Nuclear management procedure NMP-GM-002-001, Corrective Action Program Instructions, Version 30.1, required conditions that adversely affect the implementation of mitigating strategies for SBO be entered in the CAP via a Condition Report (CR).
Additionally, NMP-GM-002-001 required that, CRs (affecting SBO) are assigned a Technical Evaluation (TE) to track the evaluation and resolution of the identified condition.
In accordance with NMP-GM-002-001, closure of a TE required the reviewer to ensure that the proposed resolution answers the TE request; and to verify that the documented action(s) taken clearly communicate the TE request was completed.
During the licensees self-assessment in preparation for the 2013 NRC Component Design Bases Inspection, the licensee generated CR 599089 to evaluate Plant Vogtles vulnerability to a condition related to the EDG air start systems capability to recover ac power following the SBO coping duration. Specifically, the CR was written to evaluate a finding at another nuclear station which identified that the acceptance criterion for the EDG air start receivers inlet check valves leak rate test did not ensure enough air pressure would be available at the end of the coping duration to start the EDGs.

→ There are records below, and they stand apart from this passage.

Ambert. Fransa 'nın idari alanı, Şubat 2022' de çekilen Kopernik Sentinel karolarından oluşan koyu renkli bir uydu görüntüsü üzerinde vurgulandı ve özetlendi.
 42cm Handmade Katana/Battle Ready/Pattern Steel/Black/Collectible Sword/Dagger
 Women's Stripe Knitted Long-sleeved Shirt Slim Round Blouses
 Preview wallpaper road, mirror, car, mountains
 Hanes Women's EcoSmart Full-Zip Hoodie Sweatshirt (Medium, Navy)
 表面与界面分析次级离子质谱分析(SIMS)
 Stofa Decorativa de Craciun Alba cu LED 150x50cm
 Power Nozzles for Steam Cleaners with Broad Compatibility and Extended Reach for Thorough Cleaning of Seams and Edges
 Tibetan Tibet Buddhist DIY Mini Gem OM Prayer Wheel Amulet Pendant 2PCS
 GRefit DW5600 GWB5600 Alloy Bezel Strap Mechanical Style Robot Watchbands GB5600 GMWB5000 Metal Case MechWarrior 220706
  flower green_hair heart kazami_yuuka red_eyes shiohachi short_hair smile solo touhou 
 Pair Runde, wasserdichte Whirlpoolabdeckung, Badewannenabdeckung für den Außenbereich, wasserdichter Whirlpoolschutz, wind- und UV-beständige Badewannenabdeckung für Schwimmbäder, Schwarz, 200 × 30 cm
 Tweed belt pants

Upon completion of its review, the licensee determined that this condition was applicable to the station because its equivalent test procedure (14981, D/G Air Start Receivers Inlet Check Valves Leak Test) could allow leakage past the check valves resulting in inadequate EDG air start pressure following the four hour coping duration. The licensee assigned TE 600438 to evaluate the adequacy of the leak rate test acceptance criterion of the check valves. The licensees resolution of the TE included a review of the last completed test results for the check valves to determine acceptability of the current leak rates. The records review revealed that the No. 1 receiver for the Unit 1 A EDG (two receivers per EDG) had a pressure drop of 10psig/hour. Based on this leak rate and the minimum TS required pressure of 210psig, the licensee incorrectly determined that adequate air start pressure would be available at the end of the coping duration to recover the EDGs. The team noted that the licensee did not appropriately evaluate the air start pressure in the No. 1 air receiver at the end of the coping duration, because they did not consider automatic and manual start attempts of the EDG, and further closed the TE without corrective actions to revise the leak rate acceptance criteria in the test procedure.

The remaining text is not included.